There was yet another hand on my shoulder. “George – it’s over. We’ve won,” someone said. At first I couldn’t place whose voice it was, only knew it wasn’t Fred’s. Fred’s voice was dead, congealing somewhere among the sticky threads of his lungs that refused to heave.
My body was aching. It was because Fred was in my arms. My elbow held his head and shoulders and his back was slung over my knees. His legs trailed across the floor beyond my reach. His forehead, pressed to mine. The smell of him – dried sweat in his hair, the sting of blood in my nostrils – or was that my own? I couldn’t tell. It didn’t matter.
“Let’s get you away from here,” the person behind me said.

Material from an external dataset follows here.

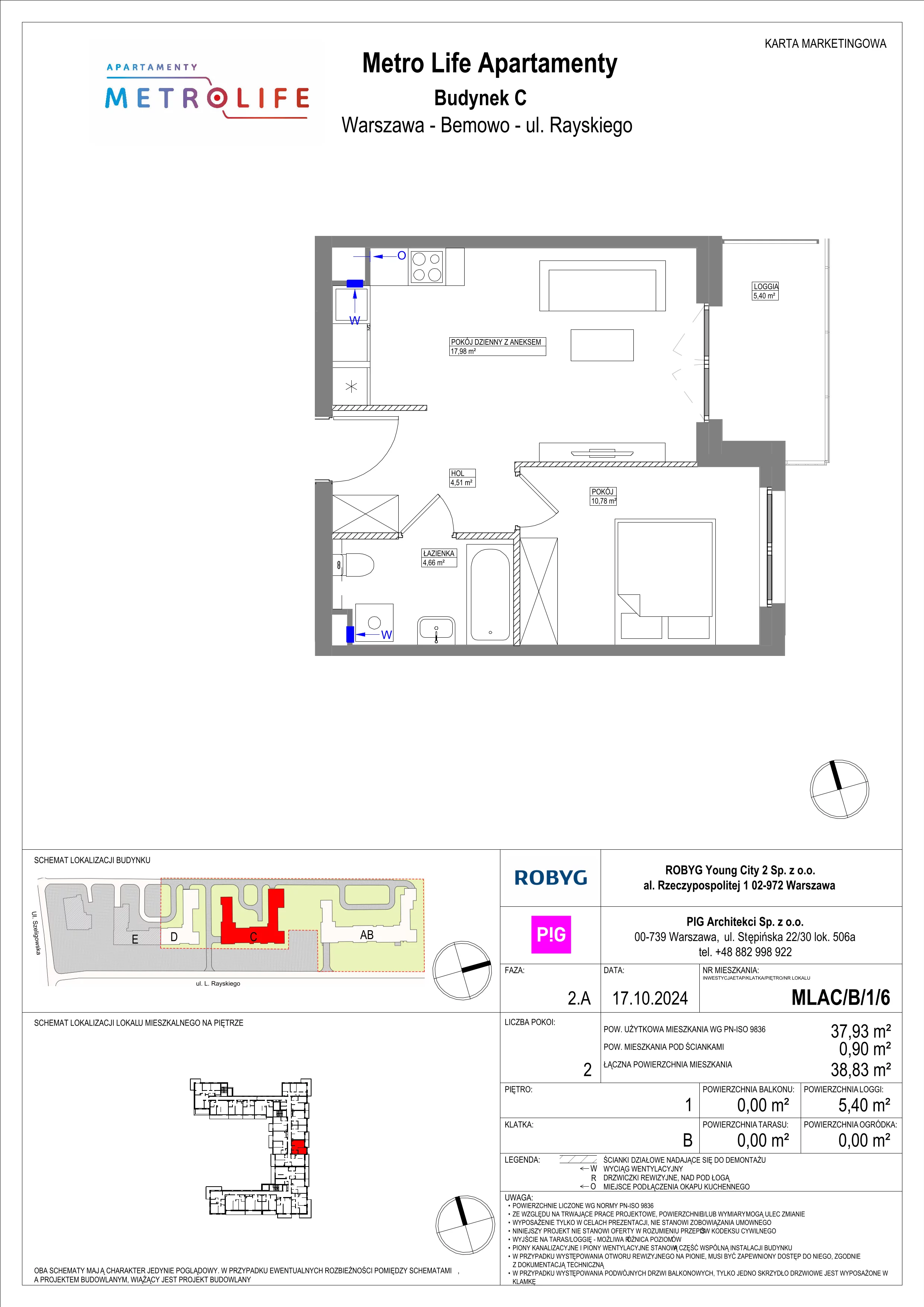 2 pokoje, mieszkanie 37,93 m², piętro 1, oferta nr MLAC/B/1/6, Metro Life Apartamenty, Warszawa, Bemowo, Chrzanów, ul. Rayskiego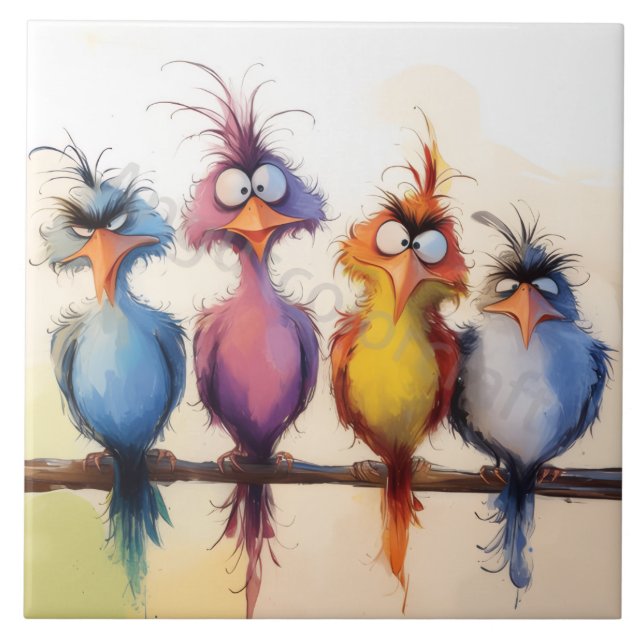 Funny colorful birds  ceramic tile (Front)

It was Bill. “You need a rest.”
As if by some reflex, I dug my fingers into Fred, into the hollows around his shoulder blades, and pushed my knees into the stone floor, fixing us together and to the ground. Bill tried to pull me up. Dad and Charlie shuffled forward to help.
“George, let go of him now. You can’t do anything.”
There was a sort of ridiculous tug-of-war match as all three of them tried to shift Fred away from me and get me up on my feet at the same time. But they couldn’t move us. We were a dead weight. (I imagined his body jerking with mock shock, blackened indented eyes rolling at my bad pun.)
In the end it was Ginny who knelt beside me – I could hear the tears in her voice. They were an ugly sort of tears – the kind that leak down your face in shapeless trails and some of them slide off the backs of your eyeballs and down your throat, choking you.
“Let me help you hold him,” she said.
And so I did. I made way for her and she rested her head on my arm and slowly she picked off my fingers one by one from Fred’s back. Together we laid him down and I stood up and everything clouded over for an instant. I must’ve had been sitting on the floor for a long time with my limbs all bunched up and taut.
I remember that we won the war. Voldemort was out-duelled by Harry and the surviving Death Eaters rounded up and we reached the end, apparently. There are blanks in my mind. At certain moments memory drops away into black trenches and I can’t look into them. But I remember there was a great flush of noise rolling up from the depths of the castle, peaking as it reached the Entrance Hall and bursting out the doors into the rising morning. Laughter. I can hear it still. It is such an odd sound.
A/N: I have more or less rewritten this chapter :D I incorporated part of the third chapter into this one because it fits better here than there. Also I cut a lot of junk and clunky prose out. Thank you, reviewers for your suggestions!